DIRECTIONS ::
Your task is to gather the lines below that hold the string "Photo".

GIVEN RECORDS ::
━━━━━━

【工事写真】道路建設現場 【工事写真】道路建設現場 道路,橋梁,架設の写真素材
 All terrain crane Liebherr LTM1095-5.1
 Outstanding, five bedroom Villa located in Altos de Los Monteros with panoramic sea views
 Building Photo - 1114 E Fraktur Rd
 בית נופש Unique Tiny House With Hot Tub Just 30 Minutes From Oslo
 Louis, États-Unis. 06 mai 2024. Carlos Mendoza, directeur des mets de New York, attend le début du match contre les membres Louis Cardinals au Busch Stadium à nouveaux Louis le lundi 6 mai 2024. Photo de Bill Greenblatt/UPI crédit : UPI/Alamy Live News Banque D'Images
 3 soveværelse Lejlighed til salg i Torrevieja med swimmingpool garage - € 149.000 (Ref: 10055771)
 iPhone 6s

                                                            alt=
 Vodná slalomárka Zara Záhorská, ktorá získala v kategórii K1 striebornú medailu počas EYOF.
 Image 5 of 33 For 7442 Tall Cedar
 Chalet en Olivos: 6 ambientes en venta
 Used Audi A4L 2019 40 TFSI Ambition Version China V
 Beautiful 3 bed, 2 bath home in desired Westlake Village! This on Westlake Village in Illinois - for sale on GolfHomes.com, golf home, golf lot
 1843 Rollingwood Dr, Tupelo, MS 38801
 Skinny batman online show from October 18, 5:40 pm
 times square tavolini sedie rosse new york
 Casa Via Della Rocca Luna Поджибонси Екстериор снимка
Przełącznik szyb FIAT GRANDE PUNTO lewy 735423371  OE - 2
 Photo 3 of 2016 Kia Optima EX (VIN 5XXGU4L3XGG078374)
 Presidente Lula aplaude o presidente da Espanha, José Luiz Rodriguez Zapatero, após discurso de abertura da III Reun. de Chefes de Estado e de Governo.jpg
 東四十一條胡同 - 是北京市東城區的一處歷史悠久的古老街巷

━━━━━━

REPLY ::
 Building Photo - 1114 E Fraktur Rd
 Louis, États-Unis. 06 mai 2024. Carlos Mendoza, directeur des mets de New York, attend le début du match contre les membres Louis Cardinals au Busch Stadium à nouveaux Louis le lundi 6 mai 2024. Photo de Bill Greenblatt/UPI crédit : UPI/Alamy Live News Banque D'Images
 Photo 3 of 2016 Kia Optima EX (VIN 5XXGU4L3XGG078374)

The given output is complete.